Quanto sopra rende ragione della correttezza dell’orientamento di questa Sezione, escludendo la necessità di qualsivoglia rimessione alle Sezioni Unite>>.
3. Il secondo motivo è manifestamente infondato quando non meramente reiterativo della questione di fatto proposta in sede di riesame alla quale il Tribunale non illogicamente ha risposto escludendo potersi trattare di credito sorto successivamente alla commissione del reato e neanche indirettamente ad esso collegato non potendosi desumere la provenienza lecita delle somme successivamente accreditate sul conto corrente dalla documentazione allegata dalla difesa costituita dagli estratti conto, senza poter individuare origine e causa degli stessi accrediti, così da escludere che le relative somme siano profitto del reato.
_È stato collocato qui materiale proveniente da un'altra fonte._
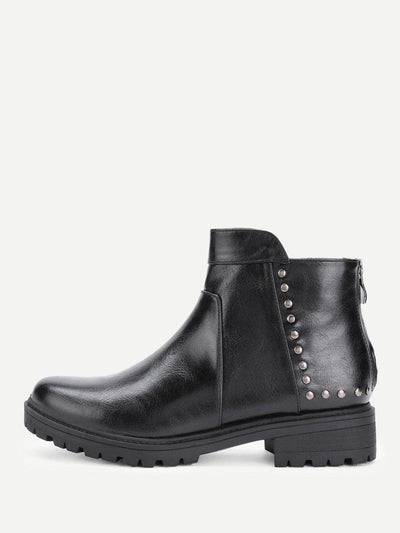 Studded Detail Back Zipper Ankle Boots-shoes-Des Mess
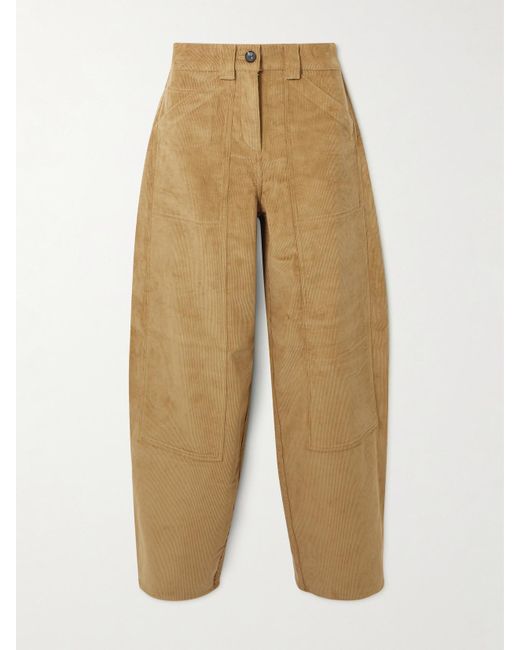 Co. Natural Tton-Rduroy Barrel-Leg Pants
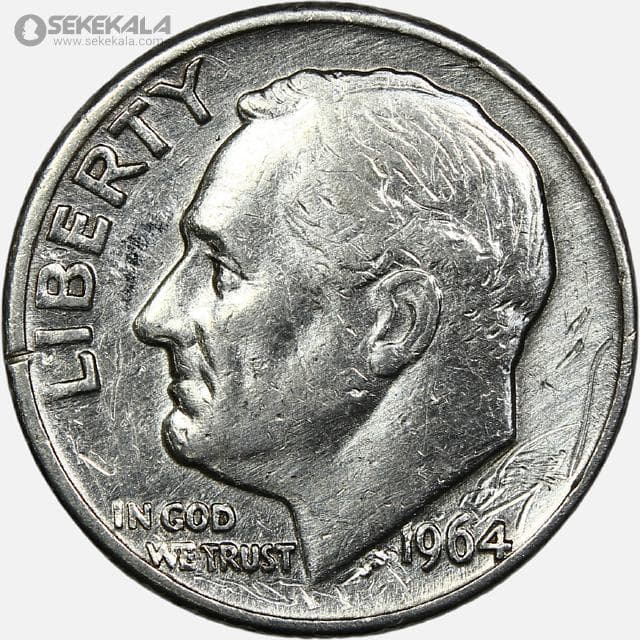 سکه دایم (10 سنت) نقره آمریکا 1964 (رزولت)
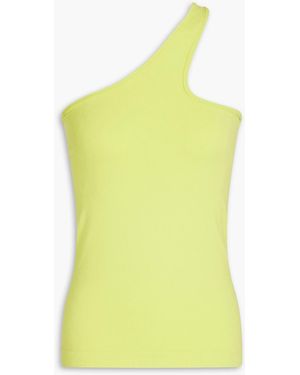 Helmut Lang One-Shoulder Cutout Stretch-Jersey Top - Yellow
4. Il terzo motivo è inammissibile perché proposto per ragioni non consentite esulanti dalla violazione di legge ammessa dall’ordinamento nella materia de qua in quanto censura la motivazione del provvedimento impugnato che ha rigettato il correlato motivo di ricorso, in ogni caso, in ragione della sua pertinenza alla fase esecutiva del sequestro, pertanto esulante dal perimetro valutativo devoluto al Tribunale sui presupposti della misura adottata.
5. Al rigetto del ricorso consegue la condanna del ricorrente al pagamento delle spese processuali.
P.Q.M.
Rigetta il ricorso e condanna il ricorrente al pagamento delle spese processuali.